Thursday, May 04, 2006

Becoming a blogger

Is a bit of a misleading title for this entry because I already blog on a different site, but about completely different topics, namely nothing journalistic.

Being a blogger is a strange phenomenon: you write your thoughts in an isolated vacumn, interacting only with a computer, but then random people from the world over can read your thoughts and respond. No wonder people are addicted to blogging, it's an adrenaline rush. Someone should do a brain-scanning study on bloggers before they blog, while they're blogging, and after they post an entry to see how their brain waves change.

The flip side of blogging is its enormous tendency to produce absolutely meaningless crap like entries about someone's breakfast or their most recent romantic foible. Too often, people blog about themselves only, forgetting that no one else is as invested in them as they are, nor does anyone else care about the little tidbits that make up a person's personality. Am I too cynical? Perhaps.

I'm excited to have a focused blog that requires me to respond to one topic, set of related topics. It'll be better than the other blog I write, which is mostly creative writing and bad poetry.

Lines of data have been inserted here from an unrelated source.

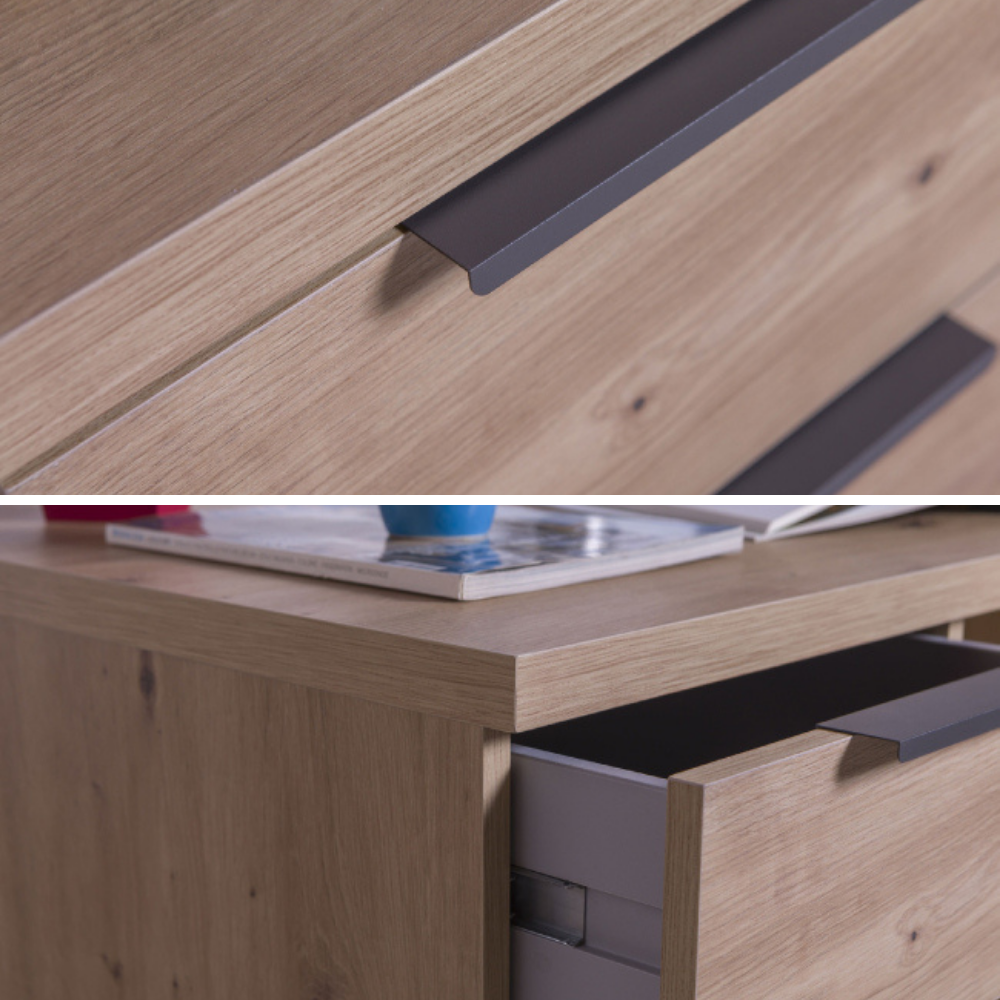 Primo piano di una cassettiera in legno con maniglie nere e un cassetto aperto con riviste sopra.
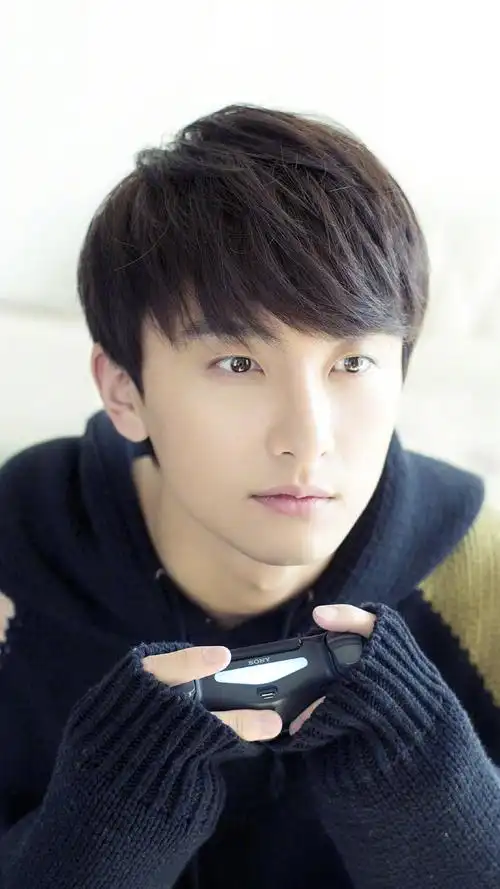 小鲜肉影视明星牛骏峰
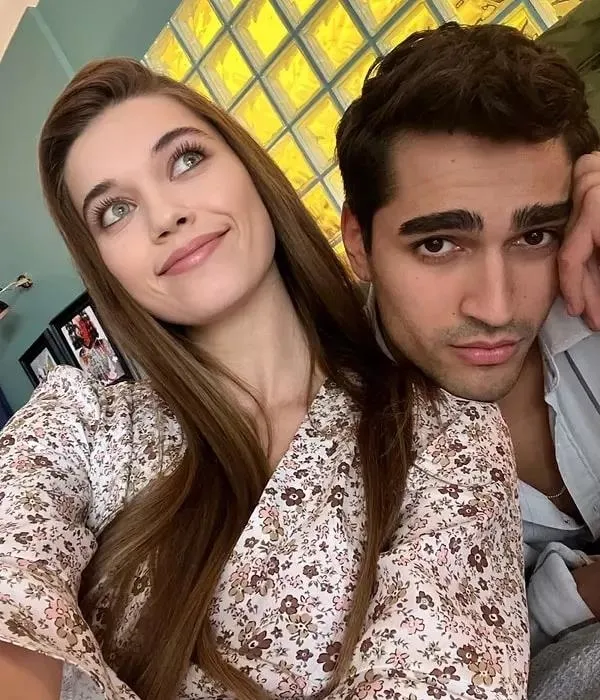 ihanetin-bedeli-capkin-mert-ramazan-demirden-afra-saracogluna-dudak-ucuklatan-hediye-1691699315771.jpeg İhanetin bedeli dudak uçuklattı! Çapkın Mert Ramazan Demir'den Afra Saraçoğlu'na hediye... Demir kendini affettirdi mi?-3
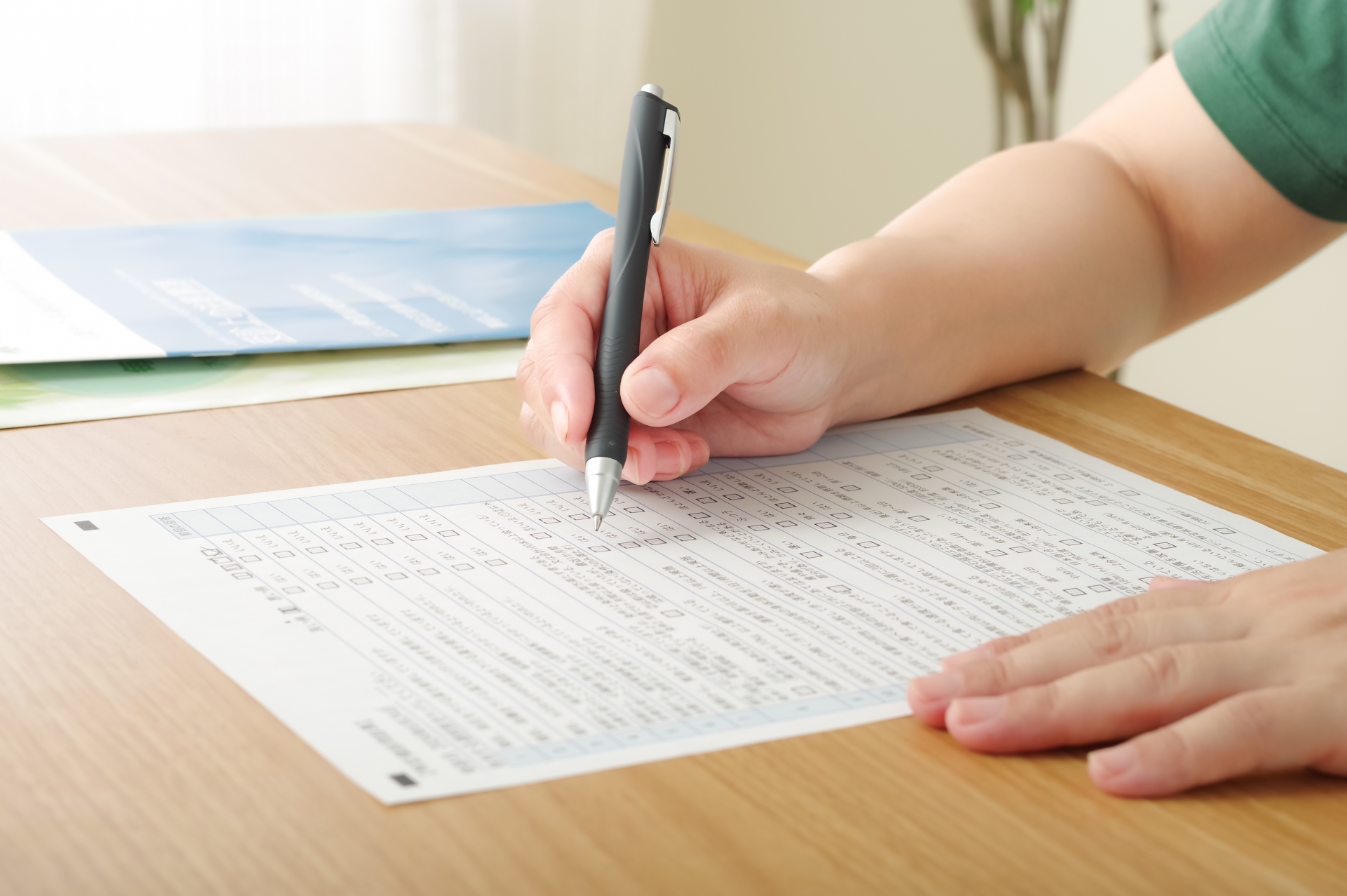 契約書にサインするイメージ写真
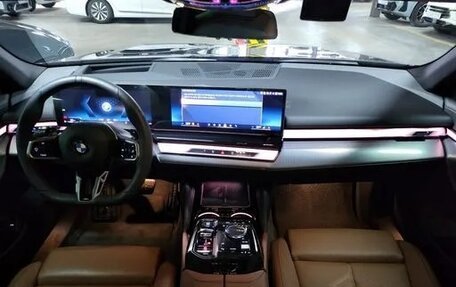 BMW 5 серия, 2024 год, 6 870 000 рублей, 10 фотография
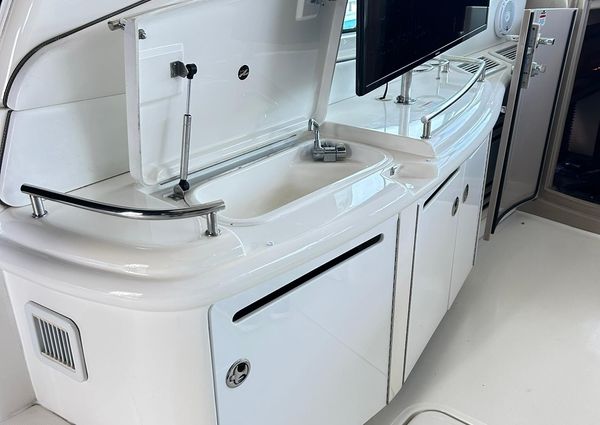 Sea Ray 52 Sundancer image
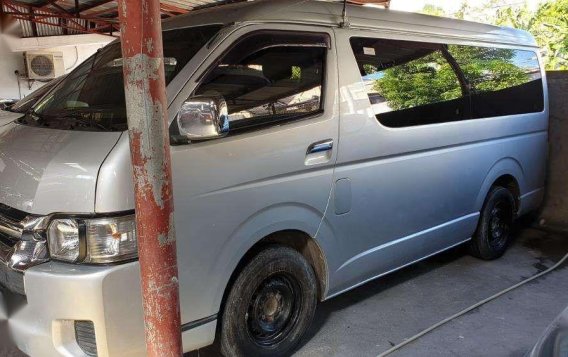 2016 Toyota Hiace 2.5 Grandia GL Manual Diesel Silver Metallic-1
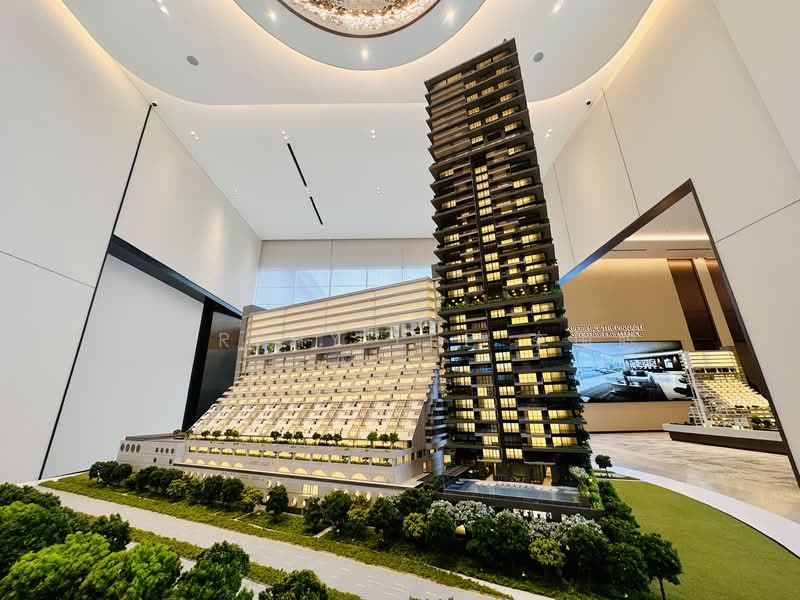 The Golden Mile, 5001 Beach Road, 1,195 sqft, Medical For Sale, by Murphy Lee, 500102601 - Exterior - CommercialGuru.com.sg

Here are links to good advice on blogging:

http://www.poynter.org/content/content_view.asp?id=75383

http://www.poynter.org/content/content_view.asp?id=75665

2 comments:

Muddy Politics said...

I'm interested in this, how you say, "isolated vacuum." I remember when you asked me how to spell vacuum, it was while we both had on head-phones, sitting right next to one another, and screaming at each other. But an "isolated" vacuum... Would that be the opposite of, say, an overpopulated one? If there's a vacuum, is there usually stuff around it? or is an isolated vacuum a common thing? Seriously.

Muddy Politics said...

you'r a contributor to my blog, now. Cool. I hope Scott doesn't get mad.